In the domain of children's beginning word recognition skills, the research is demonstrating that read-alouds by parents and teachers play a limited role. Yet when parents and teachers scaffold or help a child's attempts to read the words in a story (compared to reading the words out loud to the child), stronger effects are observed. The National Reading Panel Report in 2000 summarized the research demonstrating that the primary mechanism for acquiring fluent word recognition skills (e.g., letter knowledge, sound-symbol correspondences, decoding words and recognizing them automatically) is not through being read to but via methods that entail guided or direct instruction.

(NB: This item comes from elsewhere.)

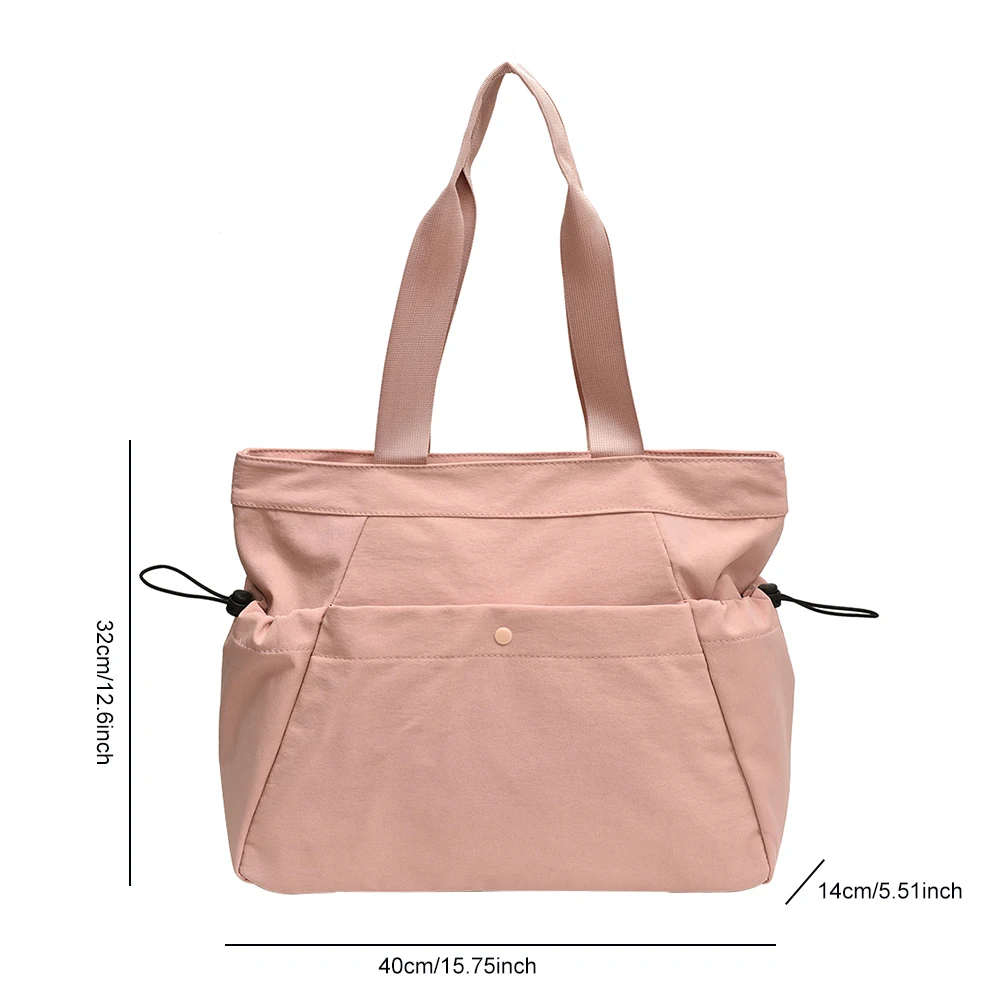 Tote Bag for Women Shoulder Bag Summer Beach Gym Bags Side-Cinch Nurse Bags Causal Handbag Purse for Travel Work Shopping Bag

Guided Reading and Reading Aloud to Children

In addition to direct instruction, guided oral reading is emerging as an important form of reading volume, particularly for beginning readers. Guided oral reading encourages children to read text orally and includes systematic, explicit guidance and feedback from their parent or teacher. In 1999 Linda Meyer and colleagues juxtaposed the practice of teachers reading with children (guided oral reading) versusreading to them (read-alouds) as different mechanisms for increasing reading engagement. In contrast to reading aloud to children, reading with children is a more effective practice for promoting reading skill and fluency. In 1997 Steve Stahl and colleagues provided further support for this conjecture. They observed significant differences in students' reading fluency and comprehension levels as a result of teacher-guided reading practices in a comprehensive study of second-grade students. Meta-analyses of guided oral reading have further demonstrated the value of this instructional practice in promoting word recognition, fluency, and reading comprehension across a range of grade levels.

In conclusion, the emphasis on immersing children in literature and increasing their exposure to print is an educational practice that makes sense. Nonetheless, there are multiple purposes and mechanisms for fostering reading engagement and volume that must be considered. When discussing the value of reading engagement and volume, one should attempt to specify the purposes of these practices, especially when making causal attributions. Reading aloud to children is an important educational practice that promotes vocabulary growth, understanding of text and genre, general knowledge, and hopefully motivation to read. In contrast, guided oral reading is a practice that has been found to be a more effective method of promoting children's word recognition, fluency, and comprehension. The primary aim of these educational practices is to foster independent reading.

The variability in children's levels of reading volume serves to further exacerbate the growing disparities between good and poor readers. It is therefore essential to provide multiple reading experiences for young children: reading aloud to them from a variety of genres, reading with them and facilitating their oral reading with tailored feedback and guidance, and promoting extended independent reading opportunities at home and after school. If reading makes one smarter (as some research has found) and if reading is important for a child to get off to a successful early start for future reading ability and engagement, then the value of early reading engagements, as Anne Cunningham and Keith Stanovich have found, and volume across a variety of venues cannot be overestimated.